Another example (e.g. some assembler can handle unpaired reads too):

cluster_files -p '(.+?)_\d.*\.fq\.gz$' rawdata -o rawdata.cluster2

tree rawdata.cluster2
rawdata.cluster2
├── A2
│ ├── A2_1.fq.gz -> ../../rawdata/A2_1.fq.gz
│ ├── A2_1.unpaired.fq.gz -> ../../rawdata/A2_1.unpaired.fq.gz
│ ├── A2_2.fq.gz -> ../../rawdata/A2_2.fq.gz
│ └── A2_2.unpaired.fq.gz -> ../../rawdata/A2_2.unpaired.fq.gz
└── A3
├── A3_1.fq.gz -> ../../rawdata/A3_1.fq.gz
├── A3_1.unpaired.fq.gz -> ../../rawdata/A3_1.unpaired.fq.gz
├── A3_2.fq.gz -> ../../rawdata/A3_2.fq.gz
└── A3_2.unpaired.fq.gz -> ../../rawdata/A3_2.unpaired.fq.gz

4) Another example (complexed directory structure)

tree rawdata2
rawdata2
├── OtherDir
│ └── abc.fq.gz.txt
├── S1
│ ├── A2_1.fq.gz
│ ├── A2_1.unpaired.fq.gz
│ ├── A2_2.fq.gz
│ ├── A2_2.unpaired.fq.gz
│ ├── A4_1.fq.gz
│ └── A4_2.fq.gz
└── S2
├── A3_1.fq.gz
├── A3_1.unpaired.fq.gz
├── A3_2.fq.gz
└── A3_2.unpaired.fq.gz

cluster_files -p '(.+?)_\d\.fq\.gz$' rawdata2/

tree rawdata2.cluster/
rawdata2.cluster/
├── A2
│ ├── A2_1.fq.gz -> ../../rawdata2/S1/A2_1.fq.gz
│ └── A2_2.fq.gz -> ../../rawdata2/S1/A2_2.fq.gz
├── A3
│ ├── A3_1.fq.gz -> ../../rawdata2/S2/A3_1.fq.gz
│ └── A3_2.fq.gz -> ../../rawdata2/S2/A3_2.fq.gz
└── A4
├── A4_1.fq.gz -> ../../rawdata2/S1/A4_1.fq.gz
└── A4_2.fq.gz -> ../../rawdata2/S1/A4_2.fq.gz

cluster_files -p '(.+?)_\d\.fq\.gz$' rawdata2/ -k -f # keep original dir structure

tree rawdata2.cluster/
rawdata2.cluster/
├── S1
│ ├── A2
│ │ ├── A2_1.fq.gz -> ../../../rawdata2/S1/A2_1.fq.gz
│ │ └── A2_2.fq.gz -> ../../../rawdata2/S1/A2_2.fq.gz
│ └── A4
│ ├── A4_1.fq.gz -> ../../../rawdata2/S1/A4_1.fq.gz
│ └── A4_2.fq.gz -> ../../../rawdata2/S1/A4_2.fq.gz
└── S2
└── A3
├── A3_1.fq.gz -> ../../../rawdata2/S2/A3_1.fq.gz
└── A3_2.fq.gz -> ../../../rawdata2/S2/A3_2.fq.gz

## Installation

`easy_qsub` and `cluster_files` is a single script written in Python using standard library.
It's Python 2/3 compatible, version 2.7 or later.

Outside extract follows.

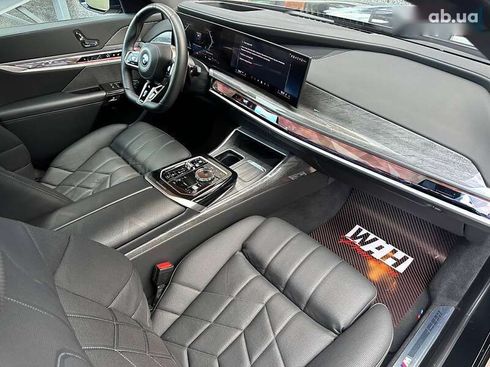 BMW 7 серия 2023 - фото 17
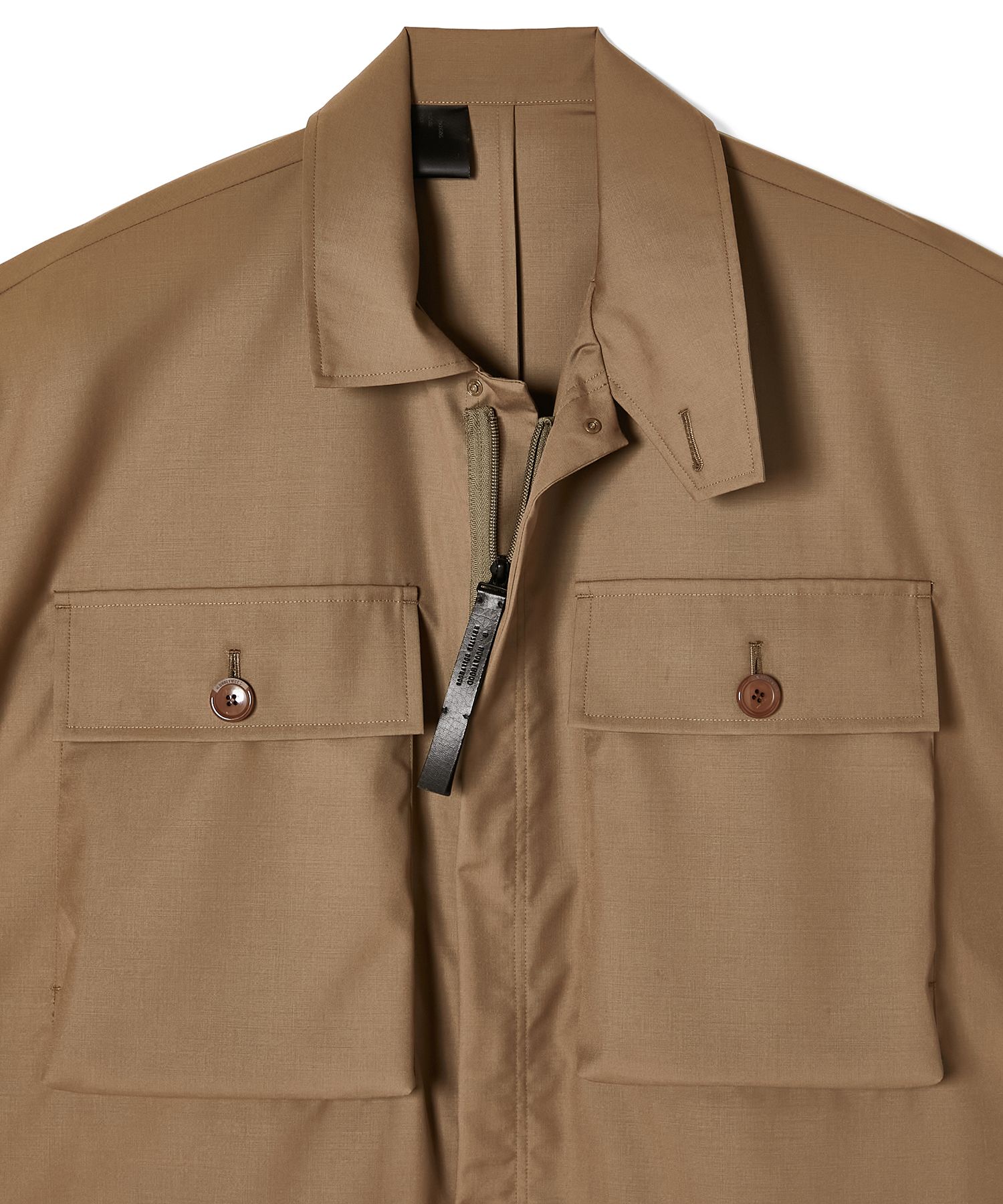 N.HOOLYWOOD COMPILE ジャケット FLAP POCKET JACKET N.HOOLYWOOD COMPILE│N-HOOLYWOOD.COM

You can simply save the script [easy_qsub](https://raw.githubusercontent.com/shenwei356/easy_qsub/master/easy_qsub)
and [cluster_files](https://raw.githubusercontent.com/shenwei356/easy_qsub/master/cluster_files)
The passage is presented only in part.